This sounds awesome!

Good point, I can add a test that that expects flush every 24 hours, then reduce it to 1 hour after this change.

Do you think we could still do something like this, i.e. add a test as a very first commit, which reproduces the old behavior first?

l0rinc changes_requested

andrewtoth force-pushed on Sep 2, 2024

andrewtoth commented at 2:48 pm on September 2, 2024: contributor

add a test as a very first commit, which reproduces the old behavior first?

Yeah, I realize the test commit can’t be cherry-picked cleanly to master. Updated to have the test commit first, and update the test for each change.

andrewtoth force-pushed on Sep 2, 2024

in src/test/chainstate_write_tests.cpp:36 in 1d50f72d16 outdated

31+    // The first periodic flush sets m_last_write and does not flush
32+    chainstate.FlushStateToDisk(state_dummy, FlushStateMode::PERIODIC);
33+    m_node.validation_signals->SyncWithValidationInterfaceQueue();
34+    BOOST_CHECK(!sub->m_did_flush);
35+
36+    // Time to periodically flush is between 50 and 70 minutes

l0rinc commented at 4:17 pm on September 2, 2024:

0    // Time to periodically flush is between 50 and 70 minutes (inclusive)

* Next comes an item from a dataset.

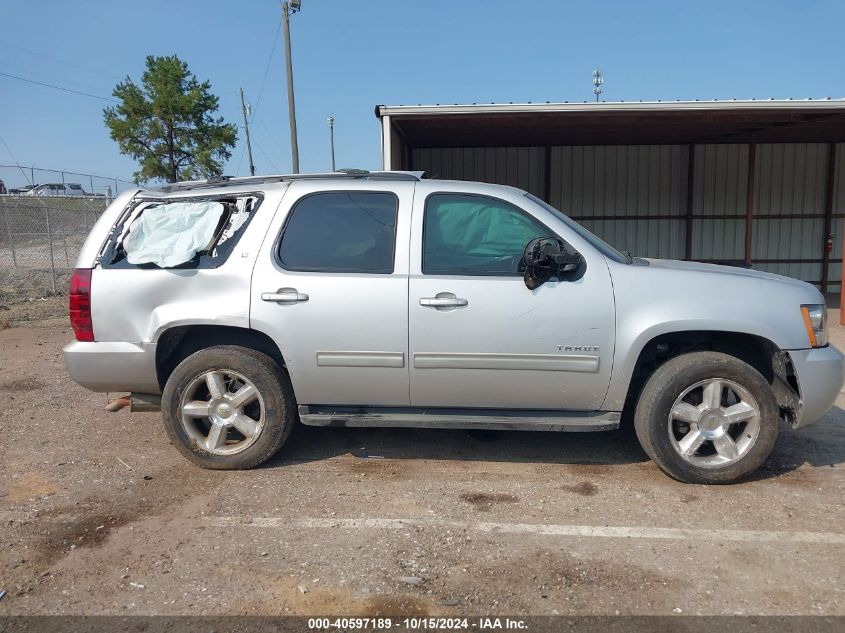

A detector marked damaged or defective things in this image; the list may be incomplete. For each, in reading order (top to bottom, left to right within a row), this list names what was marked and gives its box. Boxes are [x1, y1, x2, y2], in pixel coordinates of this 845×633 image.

andrewtoth commented at 2:32 am on September 3, 2024:

Done.

in src/test/chainstate_write_tests.cpp:37 in 1d50f72d16 outdated

35+
36+    // Time to periodically flush is between 50 and 70 minutes
37+    SetMockTime(GetTime<std::chrono::minutes>() + 49min);
38+    chainstate.FlushStateToDisk(state_dummy, FlushStateMode::PERIODIC);
39+    m_node.validation_signals->SyncWithValidationInterfaceQueue();
40+    BOOST_CHECK(!sub->m_did_flush);

l0rinc commented at 4:19 pm on September 2, 2024:

if you decide to keep this structure, please add boundary test for 50min turning m_did_flush to true. Would also cover + 71min for the same reason.

andrewtoth commented at 4:21 pm on September 2, 2024:

I don’t think it would be true, because it’s random.

l0rinc commented at 6:25 pm on September 2, 2024:

got it, you can resolve this comment

andrewtoth force-pushed on Sep 2, 2024

andrewtoth force-pushed on Sep 3, 2024

in src/test/chainstate_write_tests.cpp:31 in 1b448f5bca outdated

26+    const auto sub{std::make_shared<TestSubscriber>()};
27+    m_node.validation_signals->RegisterSharedValidationInterface(sub);
28+    Chainstate& chainstate{Assert(m_node.chainman)->ActiveChainstate()};
29+    BlockValidationState state_dummy{};
30+
31+    // The first periodic flush sets m_last_write and does not flush

l0rinc commented at 8:34 am on September 3, 2024:

we don’t have m_last_write anymore

andrewtoth commented at 3:58 pm on September 8, 2024:

Fixed.

in src/test/chainstate_write_tests.cpp:36 in 81e9d97b86 outdated

33     chainstate.FlushStateToDisk(state_dummy, FlushStateMode::PERIODIC);
34     m_node.validation_signals->SyncWithValidationInterfaceQueue();
35     BOOST_CHECK(!sub->m_did_flush);
36 
37-    SetMockTime(GetTime<std::chrono::minutes>() + 23h + 59min);
38+    // Time to periodically flush is 1 hour

l0rinc commented at 8:38 am on September 3, 2024:

nit: 1 hour is a duration or interval or period, but technically not a time:

0    // The periodic flush interval is 1 hour

andrewtoth commented at 3:58 pm on September 8, 2024:

Fixed.

in src/validation.cpp:96 in 81e9d97b86 outdated

85@@ -86,10 +86,8 @@ using node::CBlockIndexHeightOnlyComparator;
86 using node::CBlockIndexWorkComparator;
87 using node::SnapshotMetadata;
88 
89-/** Time to wait between writing blocks/block index to disk. */
90+/** Time to wait between writing blocks/block index and chainstate to disk. */
91 static constexpr std::chrono::hours DATABASE_WRITE_INTERVAL{1};
92-/** Time to wait between flushing chainstate to disk. */
93-static constexpr std::chrono::hours DATABASE_FLUSH_INTERVAL{24};

l0rinc commented at 8:41 am on September 3, 2024:

could you please explain the flush removal in the corresponding commit message as well?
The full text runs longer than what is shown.